Introduction to data

In this lab we explore flights, specifically a random sample of domestic flights that departed from the three major New York City airports in 2013.

We will generate simple graphical and numerical summaries of data on these flights and explore delay times. You will find all the work-space for your lab on posit cloud using this link.

Presenting your work

This video presents some guidelines for presenting your lab code and report. Before you present, please make sure you publish your final report on Rpubs. Here are some instructions. Remember you may need to register and/or sign into RPubs first. Here’s another link with explanations.

Getting started

In this lab, we will explore and visualize the data using the tidyverse suite of packages. The data can be found in the data folder, and you will load it into your environment using the read_csv function.

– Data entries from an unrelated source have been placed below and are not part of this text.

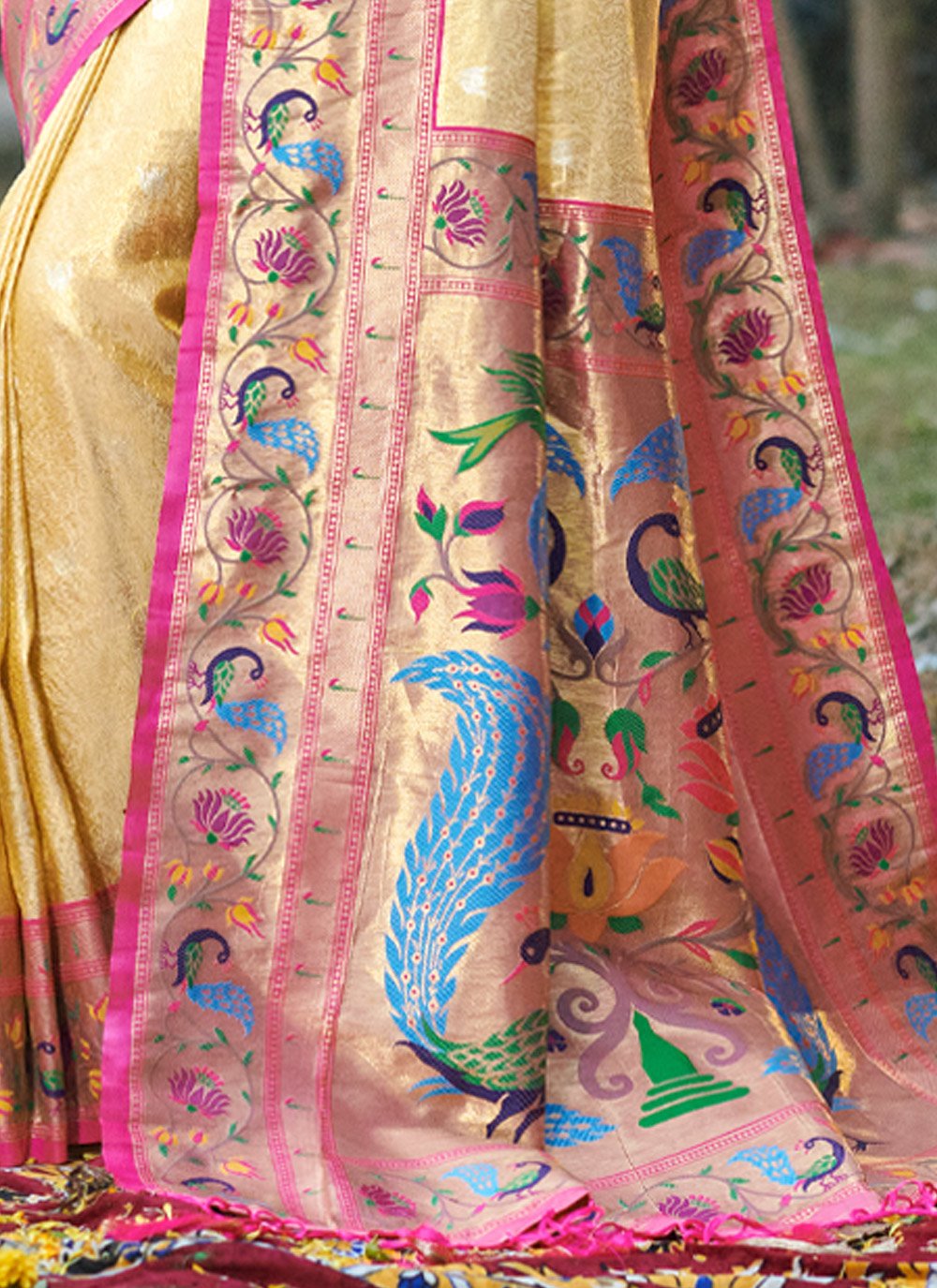 Traditional Saree Silk Cream Weaving Saree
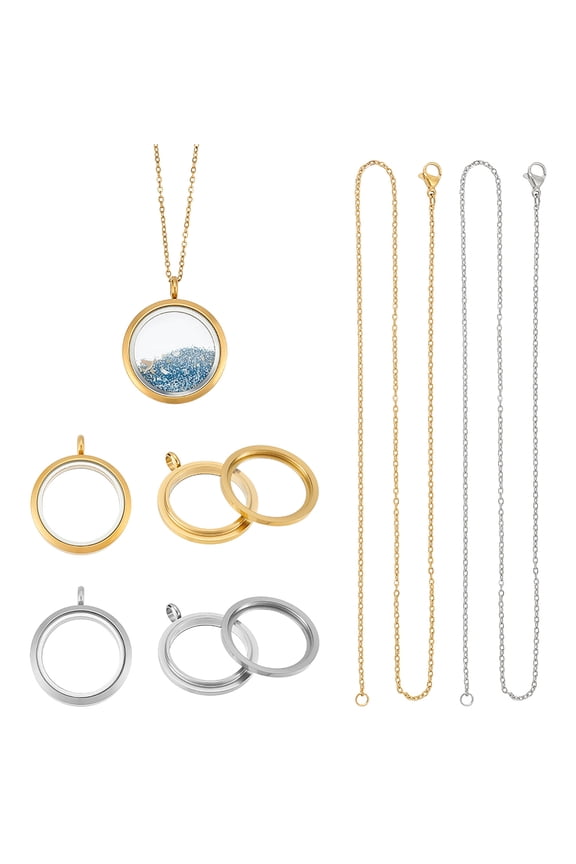 DIY 304 Stainless Steel Locket Pendant Necklaces Making Kits Platinum Golden 450mm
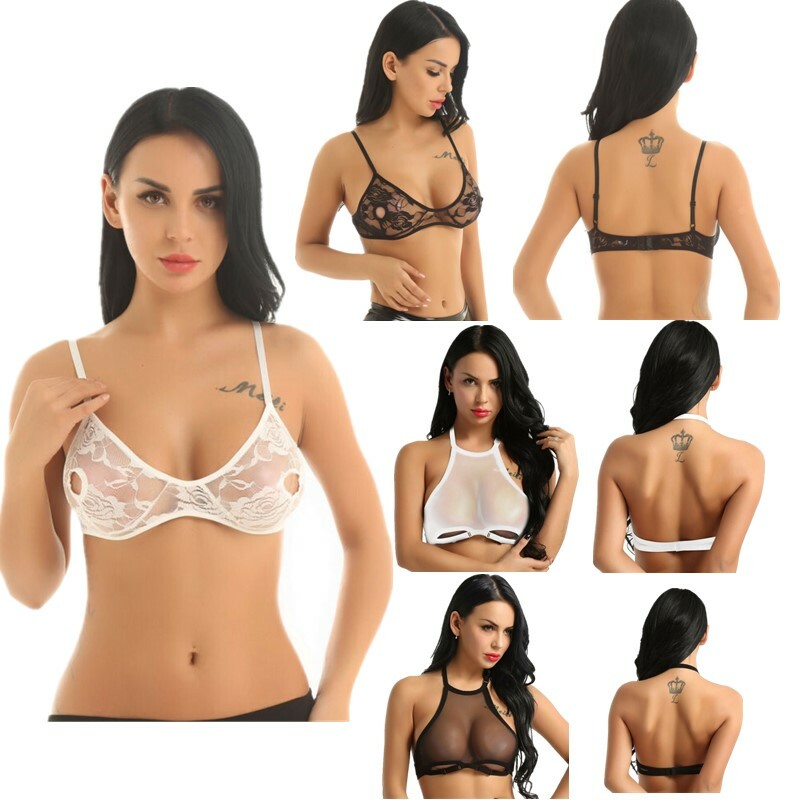 Women See Through Mesh Bralette Lace Floral Unlined Bra Top Backless Tank  Tops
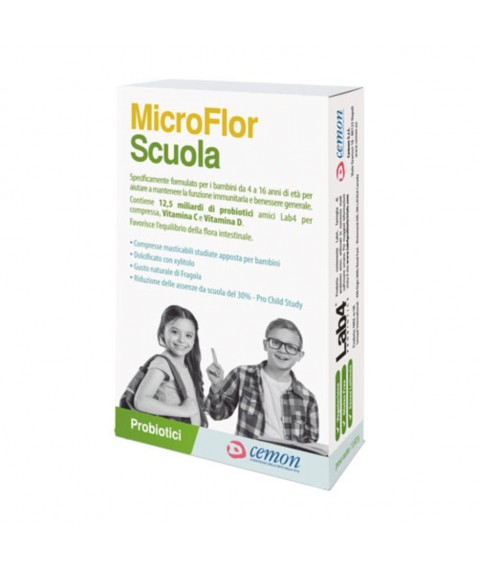 MicroFlor Scuola 30 Compresse Masticabili - Per la Funzione Immunitaria ed il Benessere 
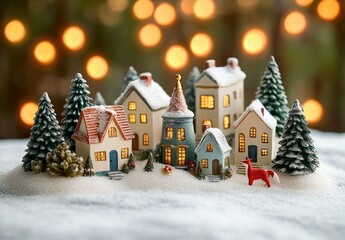 Miniature snowy village with cozy lit houses, pine trees, and a small red fox figurine under warm glowing lights in the background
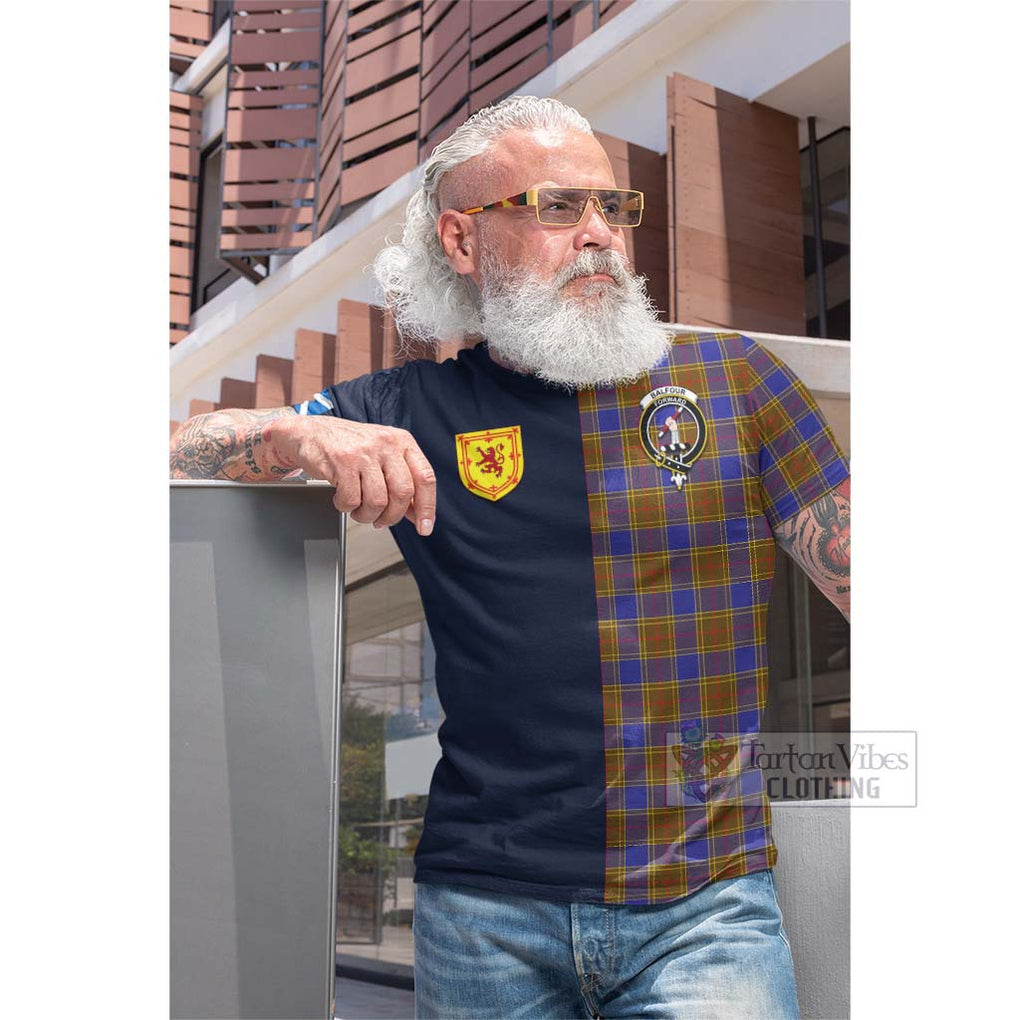 Tartan Vibes Clothing Balfour Modern Tartan Cotton T-shirt with Scottish Lion Royal Arm Half Style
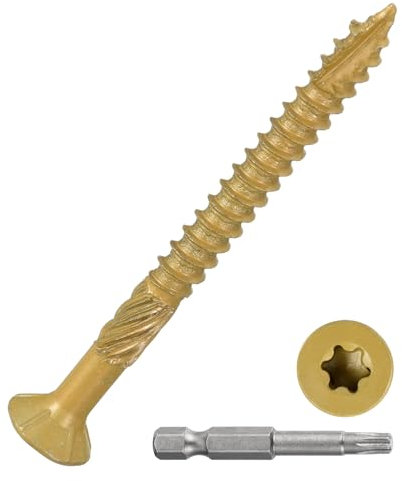 DTGN #9x2 Deck Screws - 120Pack - Good for Decks, Fences, Frames, Outdoor Furniture - Carbon Steel Wood Decking Screws W/ T25 Torx Star Drive Bit - Tan
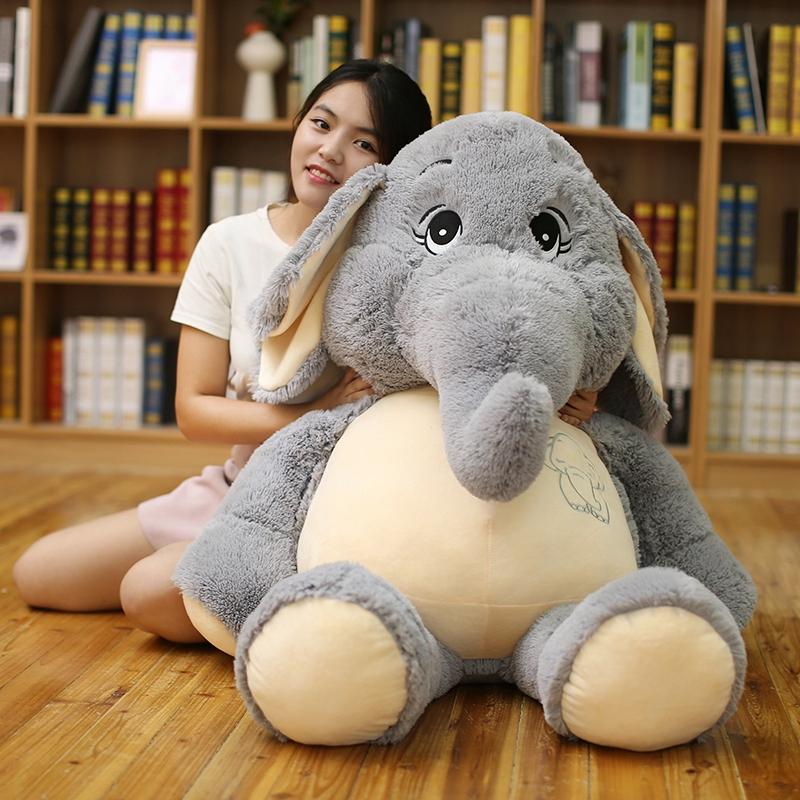 Giant Plush Elephant Toys Grey Stuffed Big Flappy Ears Long Plush Elephant Animal Toys for Christmas Gift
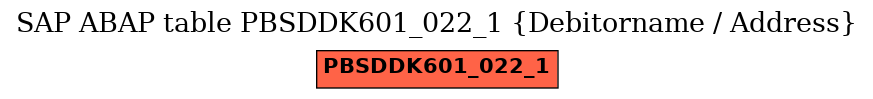 E-R Diagram for table PBSDDK601_022_1 (Debitorname / Address)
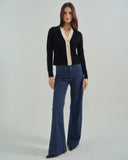 The Perry Tipped Cotton Cardigan in black and ivory, front view — State of Cotton NYC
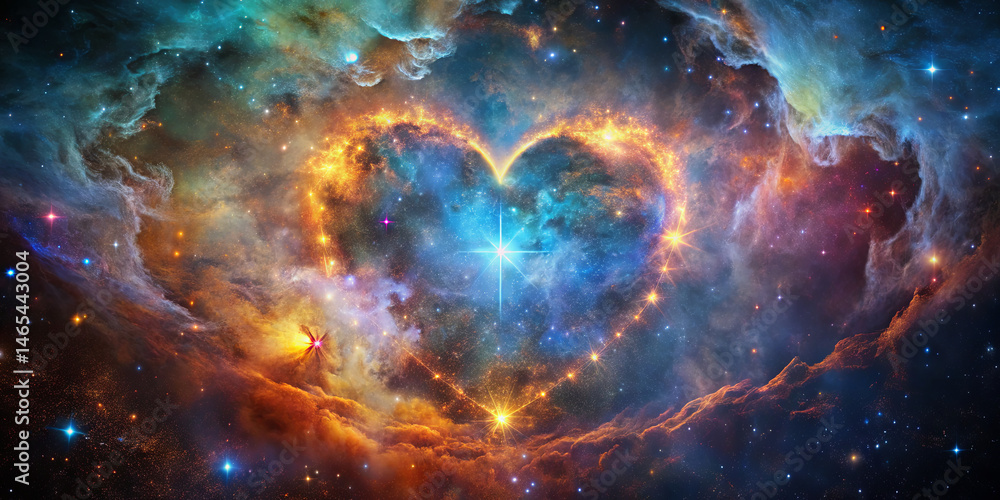An enchanting heart shape emerges in the cosmos, filled with vibrant colors and stars against a dark, expansive background. The celestial beauty captivates with swirling gases and light An enchanting heart shape emerges in the cosmos, filled with vibrant colors and stars against a dark, expansive background. The celestial beauty captivates with swirling gases and light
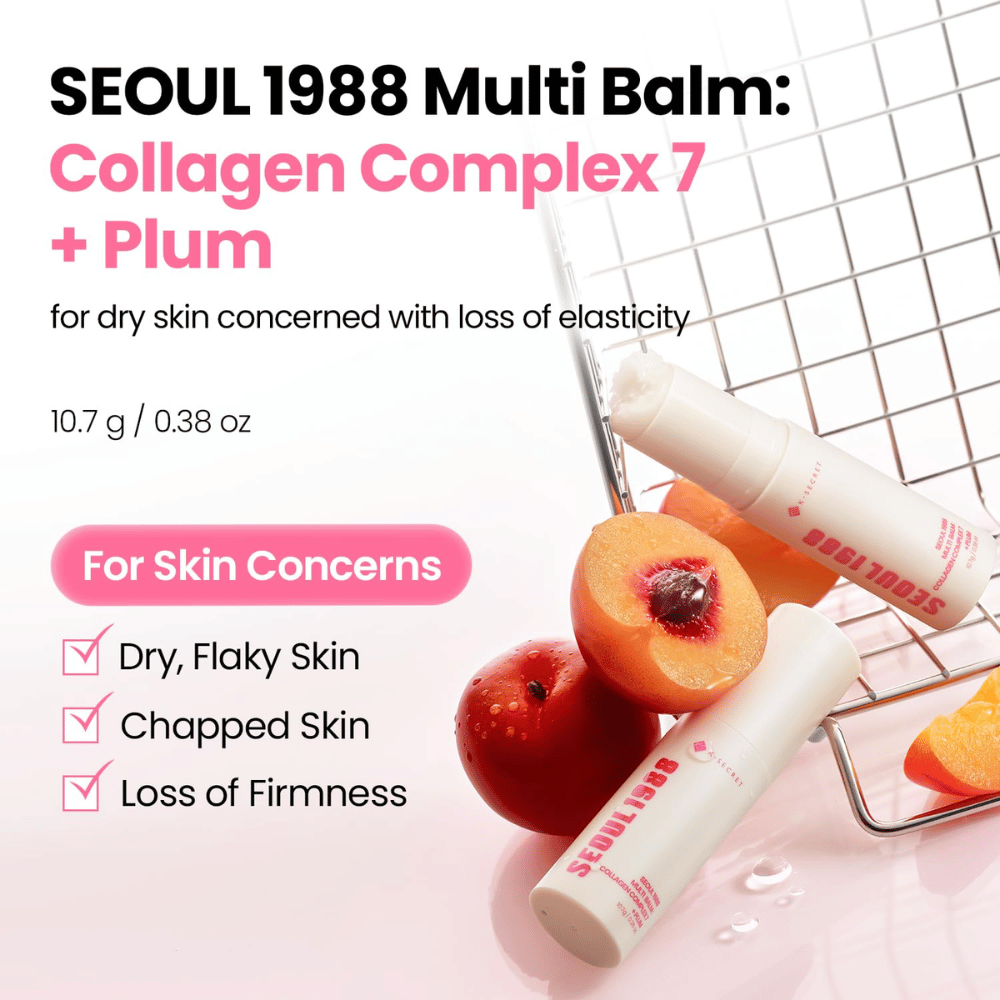 K-SECRET SEOUL 1988 Multi Balm Collagen Complex 7 + Plum 10,7 g – nawilżający balsam do suchej skóry i skóry o zmniejszonej jędrności.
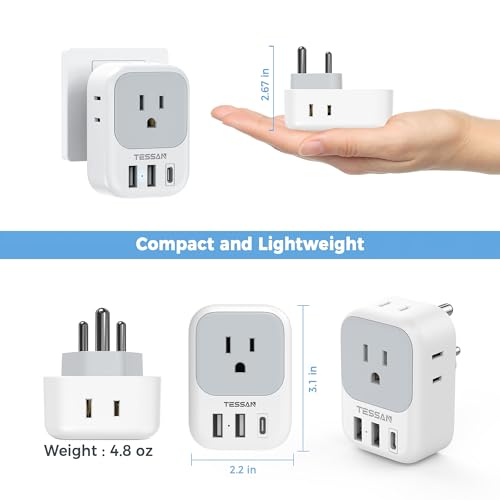 Tessan Us To India Plug Adapter, India Power Adapter With 4 American Outlets 3 Usb Charger (1 Usb C Port), Type D Travel Adaptor For Usa To India Bangladesh Maldives Nepal Pakistan thumb #4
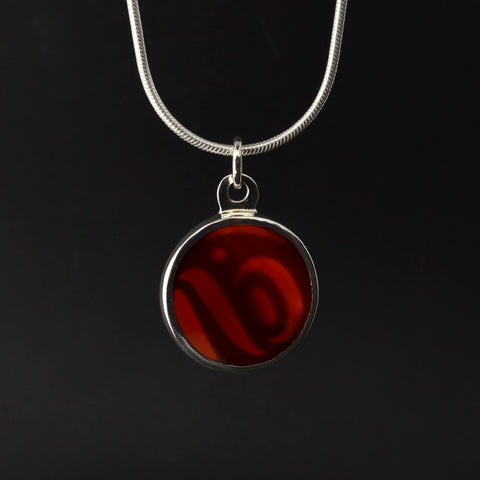 Salmon - Silver Pendant with Carnelian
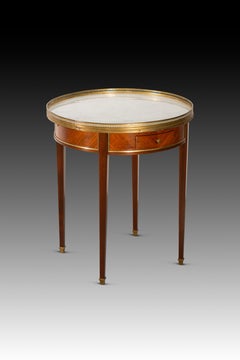 Side table. Wood, marble, bronze. 19th century.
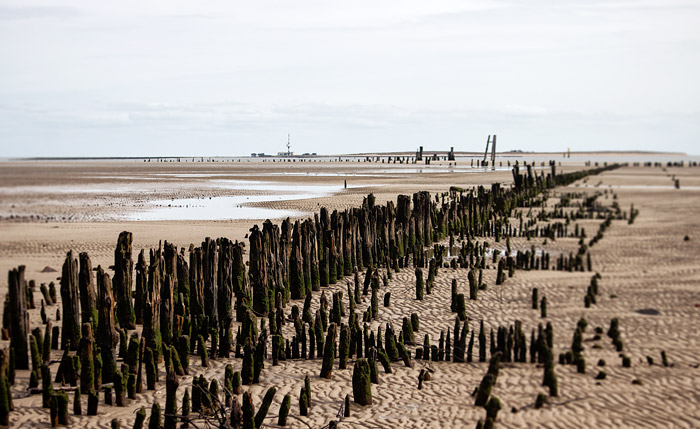 Pfähle am Ostende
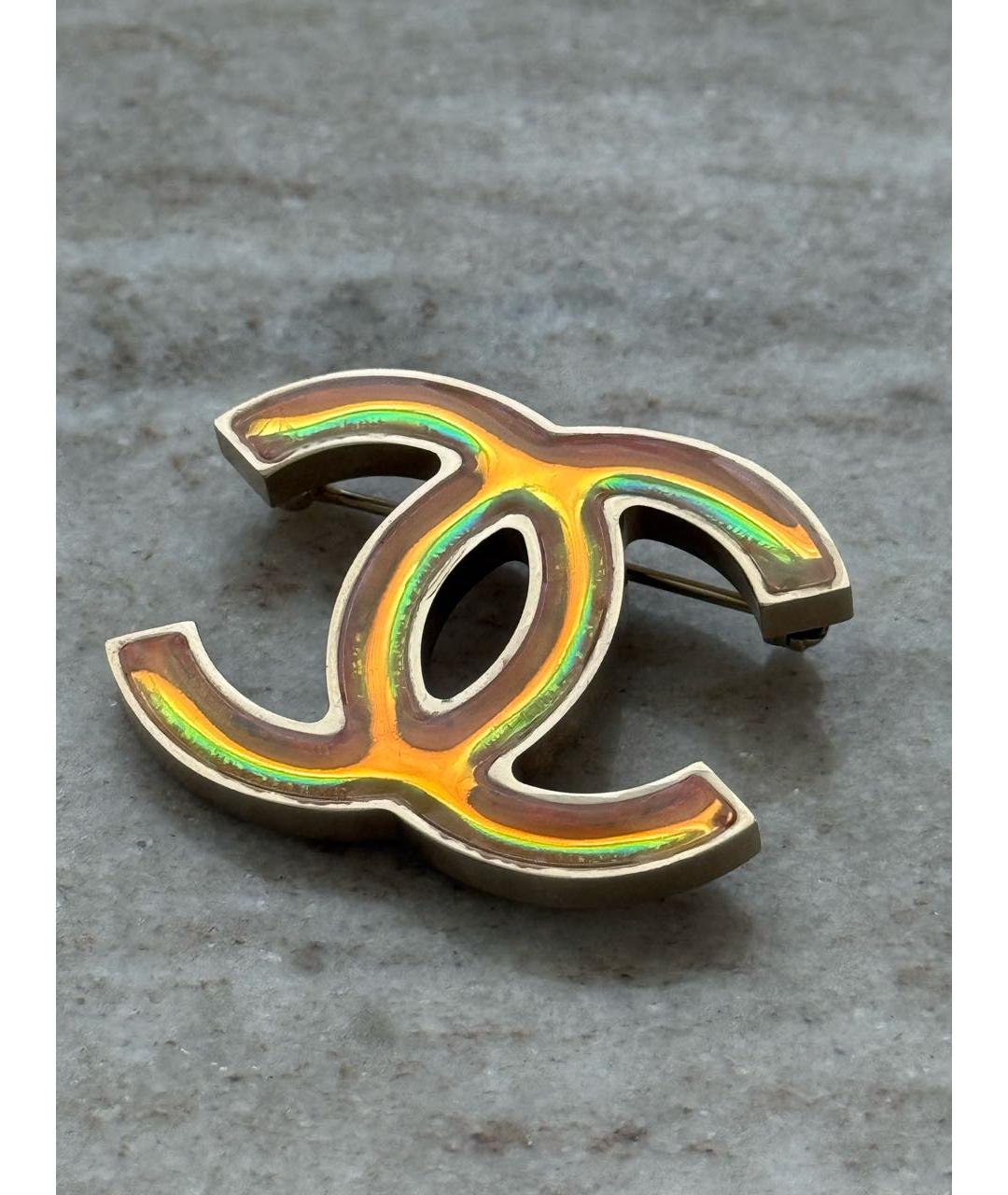 CHANEL Золотая металлическая булавка / брошь, фото 4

Creating a reproducible lab report

Remember that we will be using R Markdown to create reproducible lab reports. In RStudio, go to the file lab-02.Rmd

Update the YAML with your name, the date and the name of the lab.
load the tidyverse package
read in the nycflights dataset from the data folder
knit your file to see that everything is working.

If you run the code in the chunk, you should now see the nycflights data in your environment panel on the top left in rstudio.

# 1. load the library "tidyverse"
library(___)
# 2. use the read_csv file to read the dataset
nycflights <- read_csv("_____")

The data

The Bureau of Transportation Statistics (BTS) is a statistical agency that is a part of the Research and Innovative Technology Administration (RITA). As its name implies, BTS collects and makes transportation data available, such as the flights data we will be working with in this lab.

The data set nycflights that shows up in your workspace is a data matrix, with each row representing an observation and each column representing a variable.

R calls this data format a data frame or a tibble, terms that will be used throughout the labs. For this data set, each observation is a single flight.

To view the names of the variables, type the following command in the console:

glimpse(nycflights)

This returns the names of the variables in this data frame.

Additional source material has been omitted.